Escrever um artigo sobre o futuro do Turismo – ou de qualquer setor – nos dias em que vivemos, com uma pandemia que diariamente nos bate à porta e nos estilhaça os planos feitos um dia antes, é um exercício de pura ficção. Basta recuar um mês para percebermos como a informação disponibilizada veio exigir medidas que alteraram a nossa realidade.

Uma análise da Organização Mundial do Turismo com o nome “Impact Assessment of the COVID-19 outbreak on international tourism” e datada de 27 de março, indicava para uma quebra da receita turística mundial entre os 300 e os 450 mil milhões de dólares este ano. Traduzindo isto para miúdos, o “cenário pessimista” apontava para o desaparecimento de 1/3 da receita gerada a nível global pelo Turismo. Ora neste parágrafo há duas informações chave que agora adquirem mais relevância. O estudo tem já quase três semanas e o “cenário pessimista” é... pior! Basta atentarmos para as declarações da presidente da Comissão Europeia, Ursula von der Leyen, do passado domingo, onde ela apela para não se fazerem reservas de férias para este verão.

Seguindo a estrutura de um debate online que recentemente promovi e que juntou o ex-secretário de Estado do Turismo, Adolfo Mesquita Nunes, e vários hoteleiros nacionais, o futuro do setor do Turismo deve ser analisado em três vertentes:

1º Apoios concedidos durante a quarentena

Já muito se disse e escreveu sobre este tema e estamos todos cientes das limitações do Estado. Não somos um País rico e todas as soluções encontradas merecem um constante ajustamento. Basta ver que a lei do lay-off simplificado conheceu várias versões até chegar ao resultado em vigor.

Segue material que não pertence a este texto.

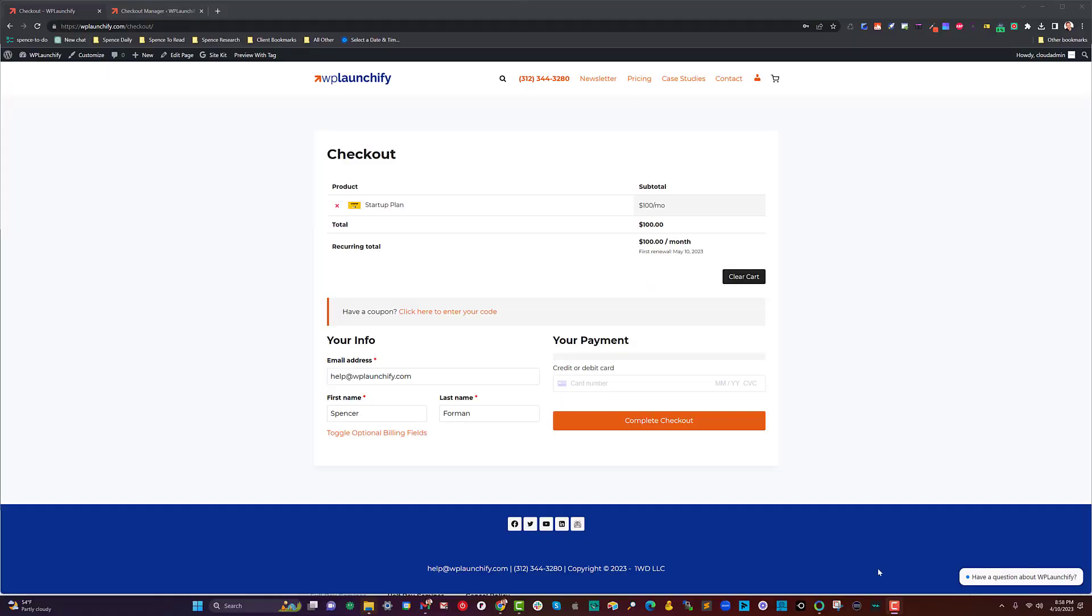Hey, it's Spence from WP Launch Club with your WordPress tip of the day. Sorry about my voice - I have a little laryngitis this week, but I wanted to introduce you to one of my other utility plugins.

Com a interrupção total da sua fonte de rendimento e num cenário que promete prolongar-se por muitos meses, o tecido empresarial português do setor do turismo estará neste momento a fazer contas e a questionar-se se vale a pena. Se vale a pena endividar-se para pagar salários, se vale a pena endividar-se para aguentar a tempestade passar, se vale a pena endividar-se para sobreviver até dias melhores, sendo que esses dias não serão iguais e não têm data. Há muitos que simplesmente não vão querer ser donos de uma dívida num contexto de contração económica e que para mais não os beneficiou em nada (não foi uma dívida para melhorias, oferta de novos serviços, aquisição de novos equipamentos, etc.). Portanto, tirando o lay-off, todas as medidas até agora foram um convite ao endividamento facilitado (endividamento que ainda assim é moroso e que têm uma fraca capacidade de resposta por parte da Banca) e não uma injeção real de capital nas empresas;

2º o Ano Turístico 2020

O ano prometia ser fantástico e os últimos dados do INE disso dão conta. Em fevereiro registou-se uma subida homóloga de 15,3% no número de dormidas em estabelecimentos hoteleiros. Ainda que embalados por um carnaval que este ano foi em fevereiro e com um mês que contou com mais um dia, continuam a ser números de respeito: 1,6 milhões de hóspedes e 3,9 milhões de dormidas.

Em março tudo se alterou e em abril tudo se confirmou: não vai haver ano turístico em 2020. E mais vale ser realista e assumir já isto. As afirmações da Senhora Ursula von der Leyen são uma machadada fatal nos optimistas que pensavam que iriam ganhar umas migalhas com uma suposta retoma sazonal. Não vão ganhar e também desengane-se quem pensa que o turismo interno irá compensar a ausência de turistas internacionais, porque não vai.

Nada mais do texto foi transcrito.